| Work request |
Produce a word-for-word copy of the data that follows, excluding images.

*** Dataset Section Begins ***

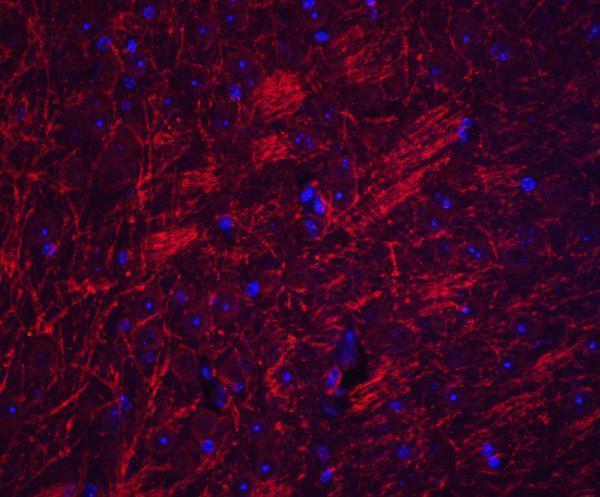 a03154 synpo primary antibodies if testing 4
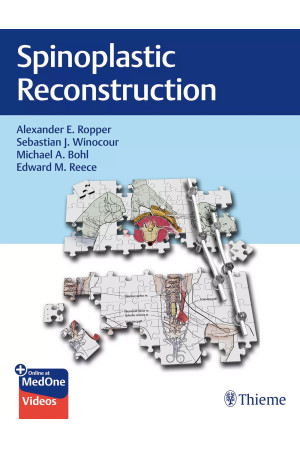 Spinoplastic Reconstruction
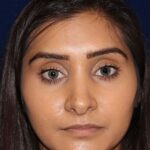 Closed Rhinoplasty - Front Face View - Before Pic - Correction of a bulging columella - Tip correction - Best Nose Job Surgeon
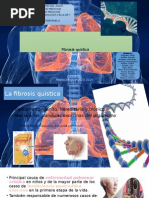 Fibrosis Quística (Diapositivas)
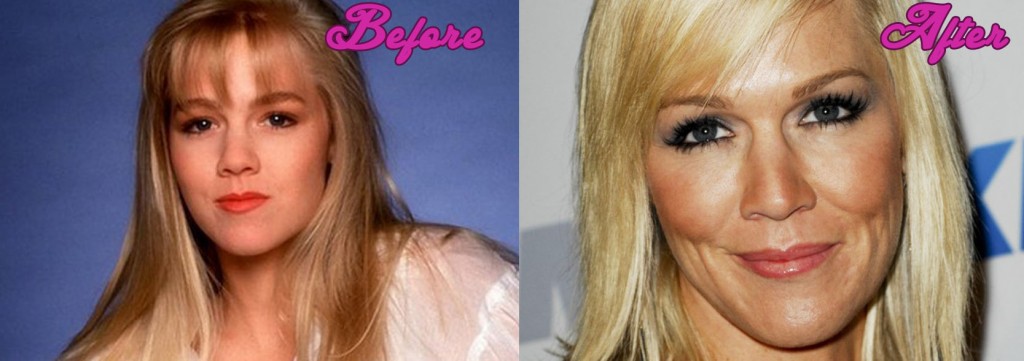 Jennie Garth Plastic Surgery Photos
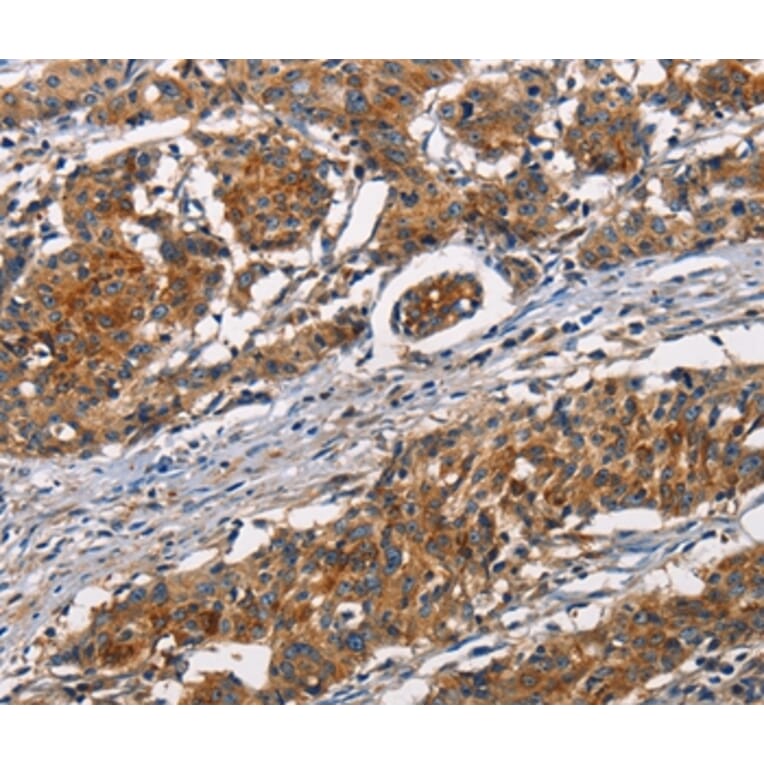 Immunohistochemistry - ATP7A Antibody from Signalway Antibody (37432) - Antibodies.com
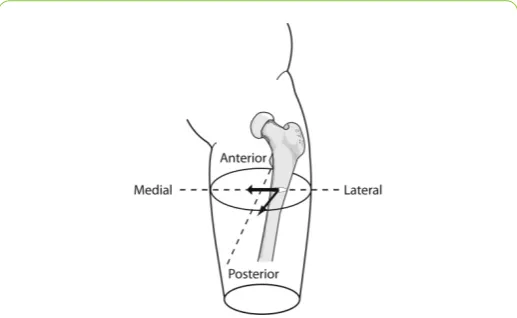 Figure 5: Femoral movement relative to the socket duringgait.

*** Dataset Section Ends ***

| Written solution |
 a03154 synpo primary antibodies if testing 4
 Spinoplastic Reconstruction
 Closed Rhinoplasty - Front Face View - Before Pic - Correction of a bulging columella - Tip correction - Best Nose Job Surgeon
 Fibrosis Quística (Diapositivas)
 Jennie Garth Plastic Surgery Photos
 Immunohistochemistry - ATP7A Antibody from Signalway Antibody (37432) - Antibodies.com
 Figure 5: Femoral movement relative to the socket duringgait.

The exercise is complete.